Given that chemotherapy with docetaxel has been associated with additional, potentially costly, clinical side effects in both clinical trial and real-world settings in mCSPC (13, 14), docetaxel-containing regimens may result in increased healthcare resource utilization (HRU) and costs, as well as greater time burden to manage care, relative to regimens without docetaxel. To date, however, data on the time burden and healthcare costs associated with chemotherapy-containing regimens (CCR) relative to non–chemotherapy-containing regimens (NCR) for mCSPC have been limited. This study aimed to compare the incremental HRU burden of chemotherapy intensification by assessing the number of days needed to manage PC care and healthcare costs among patients with mCSPC receiving ARPI-based treatment in the US.

2 Patients and methods

2.1 Data source

Clinical data from Precision Point Specialty Analytics (hereafter PPS) linked with administrative claims data from the Komodo Research Database (hereafter KRD) were used (01/01/2016–12/31/2023). The PPS database contains electronic medical record data collected as part of routine clinical care from >90 US community-based urology practices. The KRD contains claims data sourced from various payers and healthcare organizations covering >320 million US patients (see Supplementary Methods for more details). As all data are de-identified and Health Insurance Portability and Accountability Act compliant, approval from an institutional review board was not required.

2.2 Study design

A retrospective longitudinal analysis among propensity score–weighted cohorts of ARPI-naïve patients with mCSPC initiated on a CCR or an NCR was conducted. Patients were assigned to two mutually exclusive treatment cohorts based on the presence or absence of docetaxel intensification in the ARPI-based treatment: the CCR cohort included patients treated with the triplet regimen of docetaxel + abiraterone acetate or darolutamide + ADT, and the NCR cohort included patients treated with the doublet regimen of abiraterone acetate + ADT (as of the time of study conduct, darolutamide + ADT was not approved for treatment of mCSPC without the concurrent use of docetaxel (15)).

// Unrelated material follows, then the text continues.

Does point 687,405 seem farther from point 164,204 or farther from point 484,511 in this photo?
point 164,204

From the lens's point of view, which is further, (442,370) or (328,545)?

For the CCR cohort, the index date was the earliest of docetaxel initiation or first claim for abiraterone acetate or darolutamide on/after US Food and Drug Administration mCSPC indication approval dates for abiraterone acetate (02/07/2018 [high-risk mCSPC]) (16) or darolutamide (08/05/2022) (17). For the NCR cohort, the index date was the first claim for abiraterone acetate on/after the approval date for the high-risk mCSPC indication by the US Food and Drug Administration. The baseline period was the 6 months preceding the index date. The observation period spanned from the index date until the earliest of 12 months following the index date, discontinuation of the index ARPI or initiation of a new ARPI, initiation of docetaxel (NCR cohort only), end of continuous closed claims insurance eligibility, or end of data availability (including death).

2.3 Patient selection criteria

Adult patients were included if they i) had ≥1 paid pharmacy claim (in KRD) or dispensation (in PPS) for abiraterone acetate or darolutamide (first paid pharmacy claim or dispensation was defined as the ARPI initiation date); ii) had ≥1 medical or paid pharmacy claim or procedure for ADT observed ± 180 days around the ARPI initiation date; iii) (CCR cohort only) had ≥1 medical or paid pharmacy claim or procedure for docetaxel observed 90 days prior to or 180 days after the ARPI initiation date; iv) had mCSPC status on the index date, with <9 months between the date of metastasis and the index date (see Supplementary Methods for assessment details); and v) had ≥6 months of claims activity prior to (and including) the index date during a period of continuous closed claims insurance eligibility.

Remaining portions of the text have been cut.